Delhi: Center of Power

CHAPTER1
Sabri Khan
My Guru, a Complete Musician

Introducing Ustad Sabri Khan

Ustad (master teacher) Sabri Khan is above all a very fine and very knowledgeable musician and a master teacher of his art. In addition, or rather, in conjunction with these two areas of competence, Sabri Khan is also a builder: of relationships and of improvements in music as well as in living. He acts as an advisor and facilitator to students and family as well as to community members, but most of all, Sabri Khan is indefatigable, always ready to undertake a task and to do what it takes to see it through.
As a result, Ustad Sabri Khan has the loyalty and attachment of his students and the respect of his peers. From an early age he helped support his elders while raising eight children. He trained and educated four sons, three as musicians and one as a commerce graduate. For his daughters he arranged marriages, three to musicians within his bradri or hereditary community, and he also looked after less-well-off relatives and bradri members. Thanks to the support of his wife and daughters, Ustad Sabri Khan has had an open and hospitable house where visitors were always welcome and tea or a meal was served any time he requested it.
While Sabri Khan worked very successfully within the classical musical milieu of Delhi and All India Radio, he was always open to change and new challenges. Starting with his first employment in the Tamil unit of All India Radio, he successfully used opportunities to learn new music and techniques, to teach foreign students, to perform for foreign audiences, and even to playforeign music with artists like Yehudi Menuhin. Living and working in the capital of the country was a crucial reason for the access Sabri Khan had to such opportunities. The fact that he could use them to his advantage over other colleagues was due to his remarkable musical competence, versatility, and intelligence. Added to this is his untiring hard work combined with an unusual flexibility and alertness to the need for helpful connections. Sabri Khan learned how to cultivate such connections not only for his own and his family’s benefit, but also for his students and others who often came to ask for his help while I was staying at his house.
Ustad Sabri Khan began his childhood and early training in Muradabad, center of his bradri (brotherhood or community of hereditary musicians).
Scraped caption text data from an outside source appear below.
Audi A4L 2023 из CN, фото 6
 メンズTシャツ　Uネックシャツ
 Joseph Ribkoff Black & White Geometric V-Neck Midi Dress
At only 14 years of age, he passed the audition at All India Radio and permanently moved to Delhi, where he built his career and his family. For many years his house in the old city was a center of music and musicians until, in 1989, the government allotted him and other eminent artists a house in the fine residential complex built for the 1988 Asiad Games. Now retired from the radio, Sabri Khan continues to perform, teach, and work on the careers of his two youngest sons, one of them a sarangi player.
For me, Sabri Khan was the ideal ustad when, in 1984, I was ready for a summer of intensive training on the sarangi. As a distant nephew of my first ustad, the late Hamid Husain Khan, he could provide continuity of style and technique, since both ustads were trained in the same local hereditary tradition centered in the town of Muradabad, not far from Delhi. Also ideal was the fact that Sabri Khan was already familiar with visiting Western students and their need for intensive, short-term attention. Despite an extremely busy professional and personal life, he generously included me in the musical life of his home and made me his disciple in both principle and practice.
After getting over a bit of initial awkwardness caused by the presence of a woman in an all-male musical environment, Sabri Khan related to me with ease; he (and I) also appreciated my husband Saleem’s culturally honed, patronlike presence at crucial junctures, especially our first meeting and, of course, the discipleship ceremony, as well as our later, more familial visits to his new house in Delhi.
In retrospect I was extremely fortunate to experience discipleship with Sabri Khan while he was still living the traditional lifestyle of Old Delhi: being surrounded by neighbors of the same professional community, starting a young son, Kamal, on the sarangi, and accepting a nephew as live-in disciple, stepping out to pray at the neighborhood mosque or getting the tea man to bring up a tray for visitors. My recordings have captured that life and its vitality when Sabri Khan was at the height of his career and achievements. On my return in 1992, I found that the family’s move to the Artist’s Complex in New Delhi led to a more modernized lifestyle adapted to a new generation of hereditary musicians with whom Sabri Khan does not hesitate to keep pace. This is best reflected in the careers of his three musician sons and of course in the progress of his many disciples that includes their finding salaried positions, the most coveted employer being All India Radio. Of his sons, the eldest, tabla player Ghulam Sarvar, had established himself as a musician in England; the teenager, Gulfam Sabri, also a tabla player, was touring in South Africa; while the young sarangi player Kamal Sarvar was making a name for himself in Delhi. And his nephew Nasir Khan had found employment in the premier Indian dance academy and became his teacher’s son-in-law. Sabri Khan’s most recent artistic initiative took him to England, where he performed the father-to-son legacy with his three sons in concerts as well as on CD.
image
Figure 2 Sabri Khan, portrait, Delhi, 1951.
Along with tradition, I also need to contextualize my discipleship vis-à-vis his already established record of teaching “foreign” students, most outstanding among them Daniel Neuman, thanks to whom he experienced being a visiting professor at the University of Washington, though that took place only after 1984. Even before I knew him, Sabri Khan had learned to manage basic communication with foreign students in English.
My own approach was different. I deliberately bypassed English because it was a medium through which Sabri Khan would try to enter my conversation and I would miss out on his, including that of relatives, other musicians, and students. Instead, I strove simply to join in his speech world with the result that the language between us was quite naturally Urdu. Our mostly prosaic, if occasionally poetic, conversations, and my cultural and social familiarity with Muslim Indian milieus did create a bond of understanding and social interaction between us that was remarkably special, because it was so natural.1 My abiding gratitude goes to Ustad Sabri Khan, a remarkable teacher, artist, and human being, for all his gifts—musical and simply human.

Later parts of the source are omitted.